Lack of innovation and consumer demand for healthier products means less use of ketchup, mustard and mayonnaise, according to a report by Packaged Facts, a division of Information Resources, Inc. The top players also include Kraft and Unilever.

A Heinz spokesperson agreed that lack of innovation has hurt the category, but said Heinz's increase (small as it was) was due to innovations made by the company in the last year. Sales of the new easier-to-hold-and-squeeze bottle style are up 40% year-over-year, he said. He credited the Heinz niche lifestyle portfolio, as well, which includes no-salt, organic, one-carb, and reduced-sugar ketchups.
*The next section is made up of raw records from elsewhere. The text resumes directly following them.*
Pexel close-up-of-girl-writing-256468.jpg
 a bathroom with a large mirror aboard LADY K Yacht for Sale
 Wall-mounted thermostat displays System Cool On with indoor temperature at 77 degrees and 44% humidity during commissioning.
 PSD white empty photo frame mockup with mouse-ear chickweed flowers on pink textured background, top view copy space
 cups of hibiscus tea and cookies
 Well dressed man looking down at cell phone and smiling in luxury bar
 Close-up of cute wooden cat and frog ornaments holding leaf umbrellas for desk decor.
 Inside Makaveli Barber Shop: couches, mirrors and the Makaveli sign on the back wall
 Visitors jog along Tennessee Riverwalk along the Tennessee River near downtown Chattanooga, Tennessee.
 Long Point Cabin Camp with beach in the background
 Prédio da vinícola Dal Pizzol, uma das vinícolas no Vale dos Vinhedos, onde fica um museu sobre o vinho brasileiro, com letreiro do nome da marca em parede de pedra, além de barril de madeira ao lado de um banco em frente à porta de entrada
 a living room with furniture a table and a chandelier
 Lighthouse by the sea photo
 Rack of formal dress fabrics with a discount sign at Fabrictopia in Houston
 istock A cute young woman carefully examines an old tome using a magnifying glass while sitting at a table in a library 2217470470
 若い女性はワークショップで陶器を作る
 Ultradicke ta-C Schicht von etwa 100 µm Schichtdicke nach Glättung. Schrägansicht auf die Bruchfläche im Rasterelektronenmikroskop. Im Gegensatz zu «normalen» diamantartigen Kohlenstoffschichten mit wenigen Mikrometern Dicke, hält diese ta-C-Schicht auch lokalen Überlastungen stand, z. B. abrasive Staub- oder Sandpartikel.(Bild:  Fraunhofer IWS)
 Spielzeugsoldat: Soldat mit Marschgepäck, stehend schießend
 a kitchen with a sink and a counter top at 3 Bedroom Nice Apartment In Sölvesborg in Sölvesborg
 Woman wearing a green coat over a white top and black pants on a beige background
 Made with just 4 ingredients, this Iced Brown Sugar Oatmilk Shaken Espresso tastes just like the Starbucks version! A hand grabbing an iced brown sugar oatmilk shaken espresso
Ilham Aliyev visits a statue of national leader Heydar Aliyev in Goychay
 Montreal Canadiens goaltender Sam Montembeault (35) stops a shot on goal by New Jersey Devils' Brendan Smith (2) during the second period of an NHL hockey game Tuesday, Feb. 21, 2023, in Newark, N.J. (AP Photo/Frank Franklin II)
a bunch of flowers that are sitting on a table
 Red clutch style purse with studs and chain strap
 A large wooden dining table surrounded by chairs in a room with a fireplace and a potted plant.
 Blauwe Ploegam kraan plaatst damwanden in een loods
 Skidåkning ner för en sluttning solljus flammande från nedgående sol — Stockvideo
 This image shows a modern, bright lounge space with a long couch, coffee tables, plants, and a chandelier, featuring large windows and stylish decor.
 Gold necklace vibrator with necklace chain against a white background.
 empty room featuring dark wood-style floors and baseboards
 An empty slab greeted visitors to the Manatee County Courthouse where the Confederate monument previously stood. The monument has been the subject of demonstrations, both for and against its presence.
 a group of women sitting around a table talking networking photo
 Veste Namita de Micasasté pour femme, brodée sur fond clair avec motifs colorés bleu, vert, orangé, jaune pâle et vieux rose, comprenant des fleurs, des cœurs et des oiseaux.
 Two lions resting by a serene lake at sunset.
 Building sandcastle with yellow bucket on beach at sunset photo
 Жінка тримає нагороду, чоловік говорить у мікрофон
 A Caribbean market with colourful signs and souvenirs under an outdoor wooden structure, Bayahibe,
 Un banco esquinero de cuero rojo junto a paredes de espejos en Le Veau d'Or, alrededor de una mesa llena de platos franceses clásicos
Only 36 new product introductions occurred in the category between June 2005 and June 2006--most of which were launched by smaller players in the market--and this resulted in "little hope" of driving substantial market growth, according to the report.



Further market declines have been held off by promoting health-conscious products such as lycopene-rich ketchup and low-fat mayonnaise, the report says. Meanwhile, upscale, gourmet, and organic variations have also helped to revive interest in the category.

"The emergence of 'healthier-for-you' spreads as well as ethnic-inspired and alcohol-infused spreads should keep the market from declining too badly," said Don Montuori, Packaged Facts publisher. But more innovation is necessary to keep up with America's more sophisticated palates and desire for exciting and novel flavors."